Please find below our latest thoughts on China: 

  • Since recovering from the tariff-induced volatility post “Liberation Day” in early April, China’s equity markets have gone into something of a lull. 
  • To an extent this has been caused by uncertainty over the direction of ongoing China-US negotiations, and the prospects of a more substantive trade deal or otherwise. We are around two weeks into the 90-day discussion period, so this uncertainly may last a while yet. 
  • The other key unknown is to what extent China’s government policy will be ramped up to offset the weakness in exports, a key driver for the economy in recent years and an important contributor to China achieving its closely watched GDP growth target.
Chart 1: China Consumer Confidence Index
Chart 1: China Consumer Confidence Index

Source: Bloomberg, Allianz Global Investors, as at 28 February 2025.
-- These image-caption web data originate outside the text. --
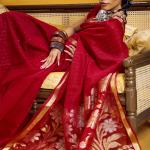 Felicitous Red Pure Munga Cotton Silk Saree With Rhapsody Blouse Piece
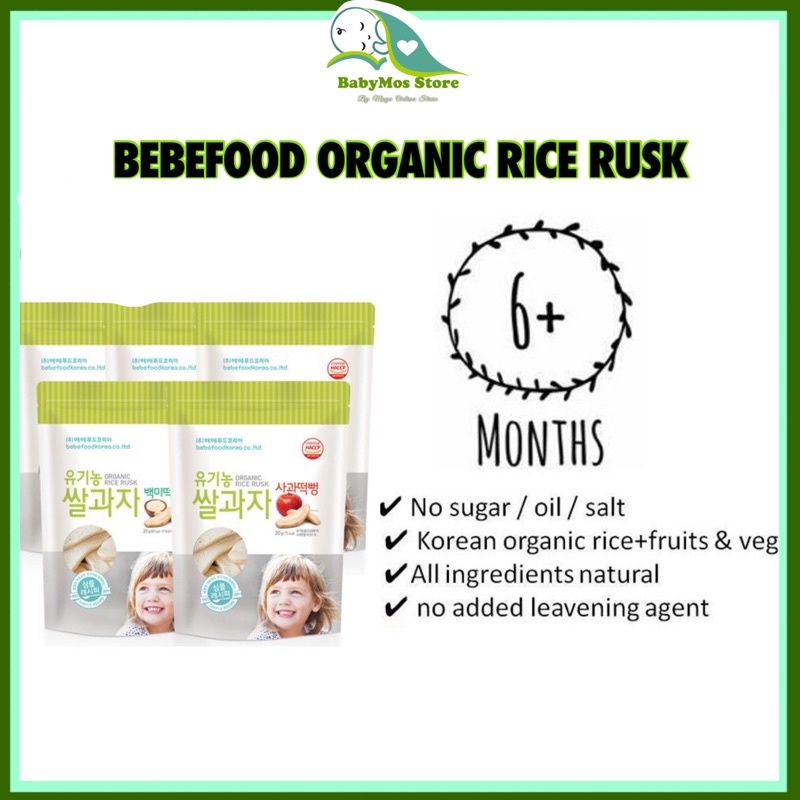 Bebefood Organic Rice Rusk for baby 6 months Shopee Malaysia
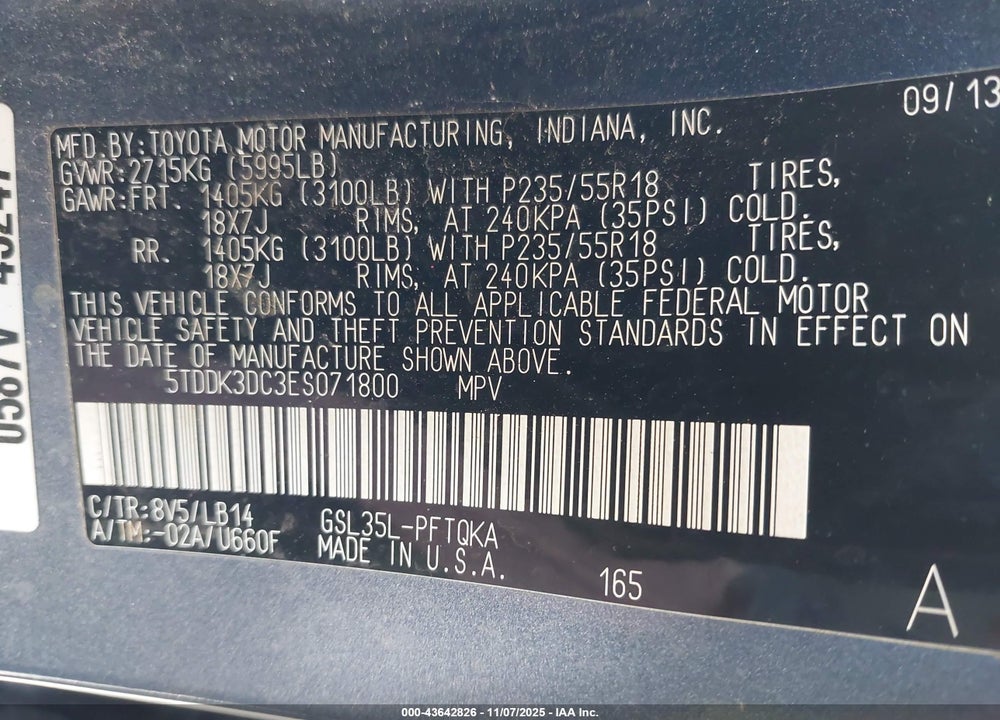 2014 TOYOTA SIENNA XLE 7 PASSENGER VIN: 5TDDK3DC3ES071800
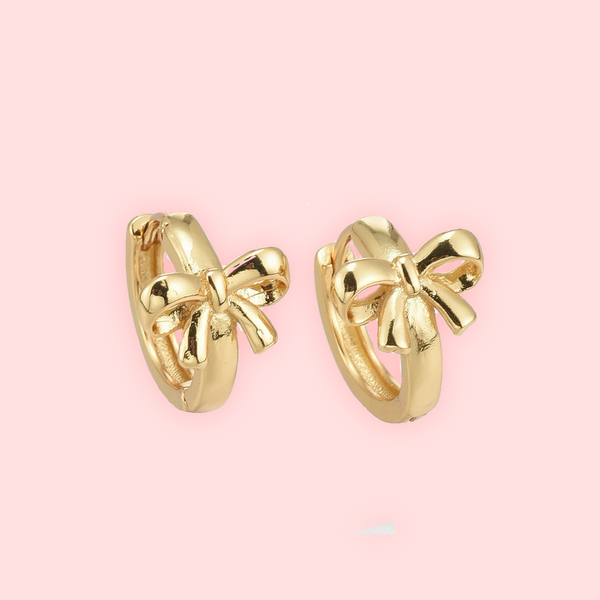 Gold Bow Knot Huggies!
  • There are a number of factors at play in our view, not least that the extent of the downturn in exports – and therefore the degree of further government stimulus required to offset this with stronger domestic demand – is challenging to gauge.  
  • Nonetheless, given that policymakers have reiterated this year’s growth target, of around 5%, several times since “Liberation Day”, it is in our view a question of when, not if, we see further policy measures.
  • This is especially the case given that the latest housing market data was modestly weaker, and showed an ongoing, albeit mild, decline in property prices. 
  • A key issue is rebuilding consumer confidence, which took a major hit in 2022 as a result of Covid policies, a weaker employment outlook and the downturn in the property market.
  • China’s consumer confidence index is based on a scale of 0 to 200, where 200 indicates extreme optimism, 0 extreme pessimism, and 100 neutrality.1
  • In the years before Covid, China’s consumer confidence index typically tracked a level close to 120. The latest reading is 88.4, which at least marks a pick-up from the low point last year.2
  • This weaker confidence is reflected in how spending patterns have changed in recent years, resulting in a surge of household bank deposits to more than USD 20 trillion.3 Mobilising these resources will be an important part of China’s domestic demand recovery.
  • Changing the consumer mindset and encouraging a more “risk-on” allocation of capital is no easy task. This explains why the private sector, which accounts for around 90% of employment in China, is getting a serious amount of political attention these days.
  • As part of this, tech and AI are featuring prominently. Earlier this month, the People’s Daily published an article, “How did China become cool?”. A high-profile trip by American YouTuber “iShowSpeed” (38 million followers) showed how he got to dance with a humanoid robot, ride in a flying taxi and order KFC via delivery drone.
Chart 2: China A-Shares Net Liquidity (RMB Billion)
Chart 2: China A-Shares Net Liquidity (RMB Billion)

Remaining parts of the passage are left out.